I am 89 years old and this was my life. This is what life was like before.

Sleeping in an abandoned car

I found an old car without wheels or windows and slept there many nights. That winter was brutal. I ate whatever I could find. I knocked on doors asking for work—cutting wood, carrying stones, anything. Often there was nothing.

Yes, I stole bread once. I’m not proud of it, but the hunger was unbearable. That kind of hunger never leaves you.

The workshop and endless labor

Eventually, I found work in a small workshop. The owner let me sleep there and gave me something to eat. I worked from sunrise to sunset, every day.

He was strict but fair. He never hit me, which in those times meant a great deal.

Realizing something had to change

Years passed like that—just surviving, never thinking about the future.

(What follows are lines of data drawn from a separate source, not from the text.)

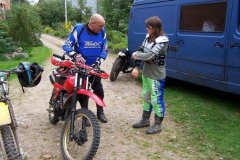 wellenreiten_2006_10_20160218_1672755540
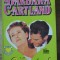 SARUTUL-BARBARA CARTLAND-94205
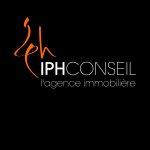 IPH CONSEIL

Then one day, I understood something clearly: if I kept going like this, this would be my entire life.

It wasn’t a sudden revelation. It was simply the truth. I realized how little I knew, and that those who could read and write well had more possibilities.

Discovering reading

I began reading slowly. It was hard. Many words made no sense. But there was a small library in a nearby town, run by an elderly woman named Doña Carmen.

She taught me how to use a dictionary, explained words, and let me stay longer than allowed. One day she gave me a small pocket dictionary. I carried it for years.

Reading didn’t make me rich, but it opened my mind.

Military service and learning the basics

Then came military service. For me, it wasn’t terrible. I ate three meals a day, slept in a real bed, and learned more—writing, math, history, geography.

I finished with a basic certificate. It wasn’t much, but it mattered.

Work, family, and a modest life

After that, I worked wherever I could—factories, warehouses, shops. Some places closed, others didn’t last. That was life.

I met my wife at a village festival. We were together for 62 years. She’s gone now, but the memory remains. We had three children. They never went hungry, and they all went to school. That alone makes me proud.

I opened a small repair shop. It never grew big, but it kept us afloat. Some years were very hard—we nearly lost everything more than once—but we endured.

What others might call little, I considered a lot.
We ended up with our own apartment, with heating. For someone who once slept in a windowless car, that was enormous.

I was never wealthy. I didn’t expect to be. But we survived.